Concerning the course of the heavenly bodies.

HE circle of the twelve months is the uppermost, that of the sun is lower, and that of the moon is lower still.1 Divine scripture signifies this by the structure of the candlestick, whereby the circular branches spring out from its shaft three on the one side and three on the other in such wise that one branch precedes another branch,2 and each day the circle of the twelve months outruns the sun one degree, so that the sun is found in thirty days running through one month, and thus in twelve months completing the year, falling short, as has been said, one degree each day.3 The circle again of the sun outruns the circle of the moon 4 twelve degrees each day,5 so that it is found that the moon in thirty 6 days falls short of accomplishing the whole of the circle, that is, one month. But if any |322 [310] should choose to consider the matter in the reverse way,7 then the circle of the moon falls short of that of the sun every day twelve degrees and some minutes, and the circle of the sun falls short of the uppermost circle of all, that is, of the twelve months, every day one degree. But these bodies are moved by the invisible Powers in an orderly and rational manner according to the will of God, these Powers having received this as a law, according to what is written in David: Bless the Lord, all ye his angels, ye mighty in strength, that fulfil his word, hearkening unto the voice of his word. Bless the Lord all ye his hosts, ye ministers of his that do his pleasure.8 To Him be glory for ever and ever, Amen!

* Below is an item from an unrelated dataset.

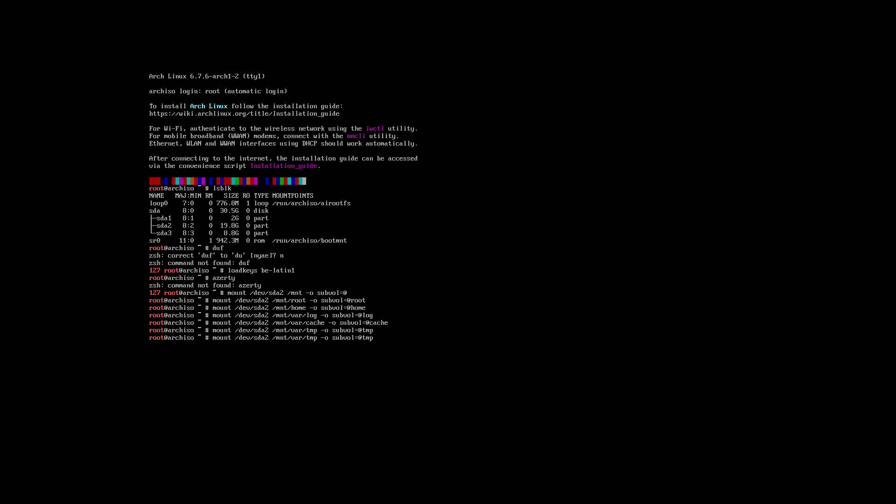Then mount tmp, and last the server sub-volume. We don't need to mount snapshots because they're already mounted within the root. One important thing — delete entries that don't exist for your system. Most importantly, if you broke something in the boot department, device sda1 is your EFI — so you need to mount it into /mnt/boot/efi.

And these courses of the twelve mansions of the twelve stars and of the two great luminaries, according to the length of their three circles, we have explained to the best of our power in terms consistent with Christian doctrine, being moved by divine assistance, and at the same time drawing our conclusions from optical appearances. But as to the course of the two great luminaries in respect of latitude, and as to their transitions, their ascensions and declinations, conjunctions and seasons of full moon, nodes and elongations of their courses,9 parallaxes and phases, regular and irregular motions, and their northern and southern limits, and other terms which the pagans are pleased to employ, whereby they calculate the eclipses of the same luminaries, we resign the calculation to those who know and investigate such subjects with a view to calculate and foretell eclipses, since by this our withers are unwrung, and we are |323 even more confirmed in our views. For if terms of this kind, namely, transitions, ascensions, declinations, etc., hold [as they do] a place in our scheme, contention is futile. Now we have not cared to show anything else by this treatise of ours than that these eclipses of the two luminaries do occur, and are in harmony with our scheme, although the heaven should not be moved at all from east to west, or from west to east, and whether it be spherical or consist of many spheres; while at the same time the stars and luminaries in the air, by the agency of the rational powers, complete their course in observance of their order, and the figure of the two heavens and of the earth is preserved in accordance with divine scripture----a figure in which from the beginning God prepared two states ----the present and the future, namely those circles which we have described, and not heavens that are spherical, continuous, solid of body and transparent-----according to the nonsensical babble of the pagans.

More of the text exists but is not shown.